----- Provided data
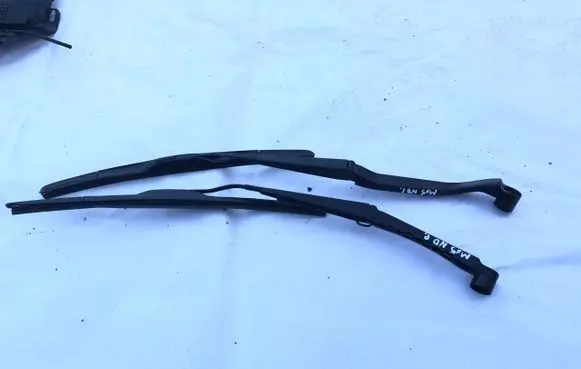 Mazda MX-5 ND Front wiper blade arm HENCAR9113390821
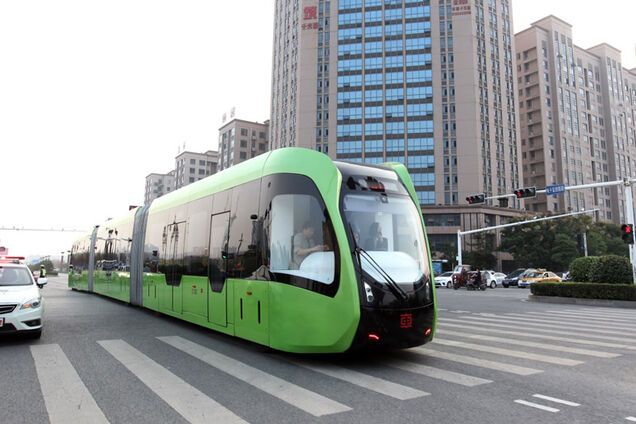 Крупнейшие города мира проведут испытания безрельсового трамвая на солнечных панелях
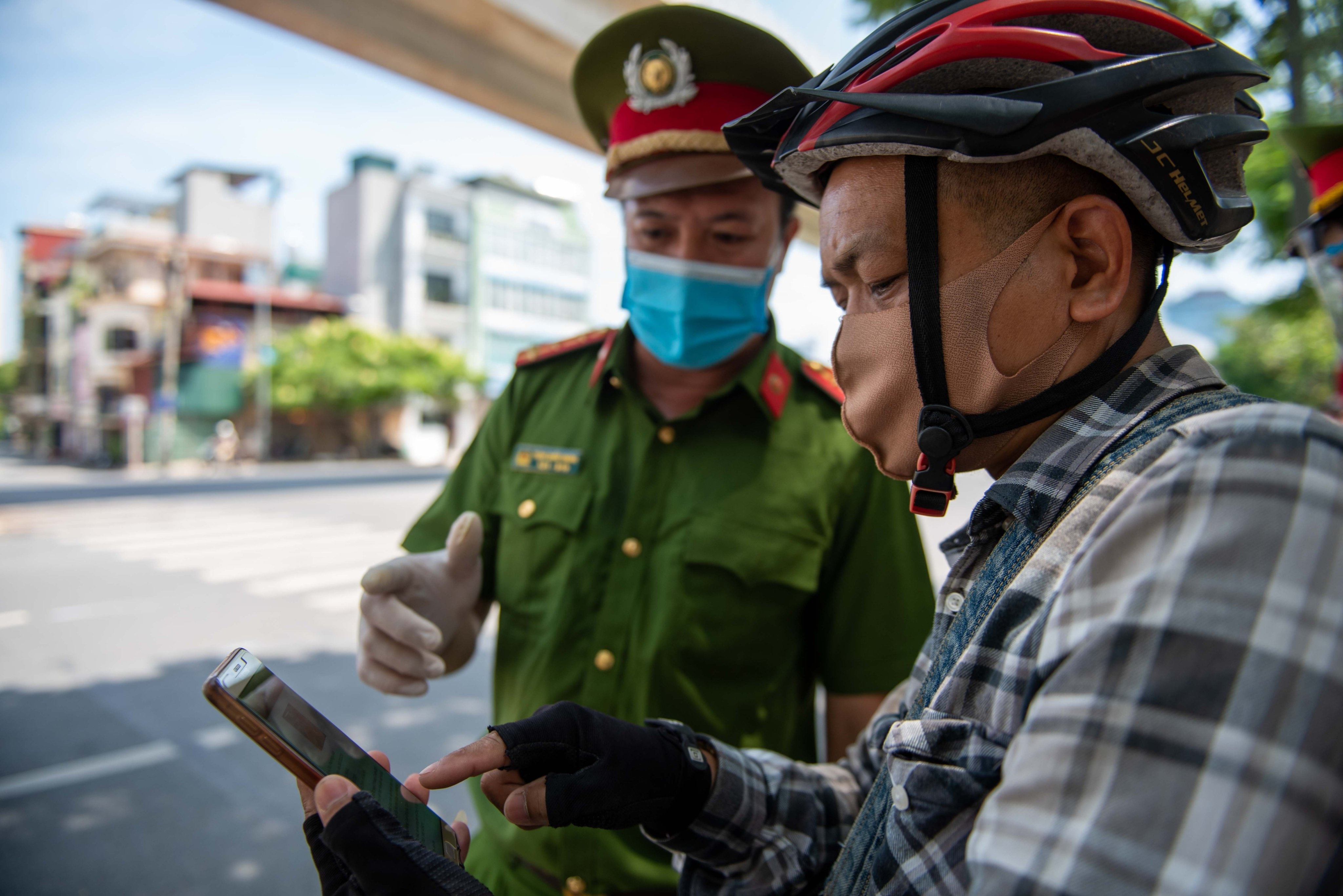 Quay xe bo chay khi thay chot kiem tra nguoi ra duong o Ha Noi anh 6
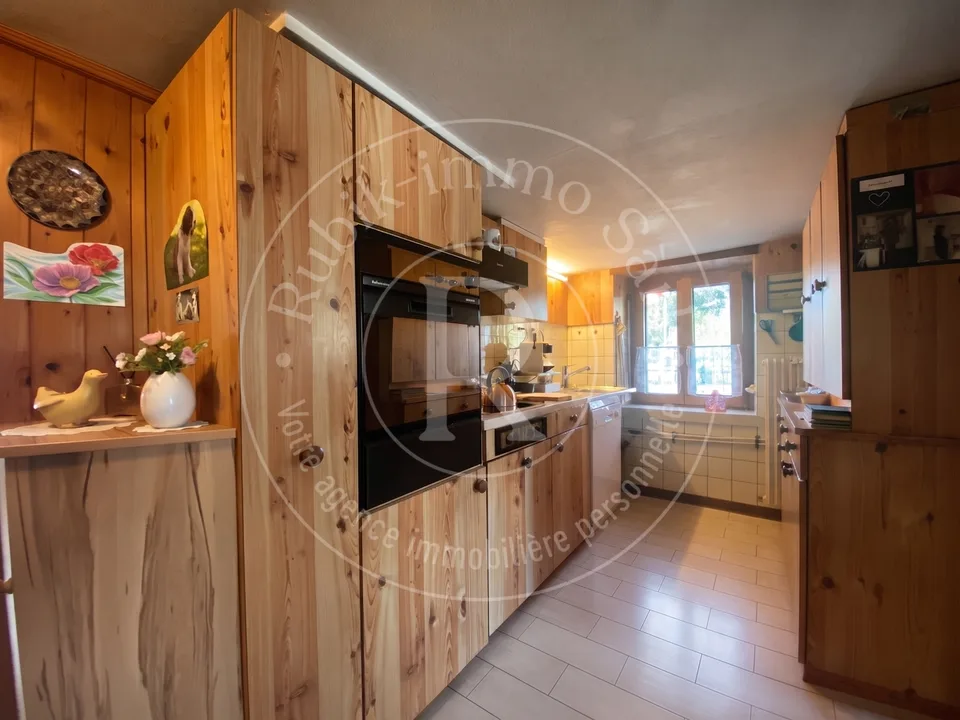 Familienvilla mit 2 Wohnungen und großem Garten – Foto 10 von 13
----------
Work required: Word for word, repeat the material above and drop the pictures.

Output for this task:
 Mazda MX-5 ND Front wiper blade arm HENCAR9113390821
 Крупнейшие города мира проведут испытания безрельсового трамвая на солнечных панелях
 Quay xe bo chay khi thay chot kiem tra nguoi ra duong o Ha Noi anh 6
 Familienvilla mit 2 Wohnungen und großem Garten – Foto 10 von 13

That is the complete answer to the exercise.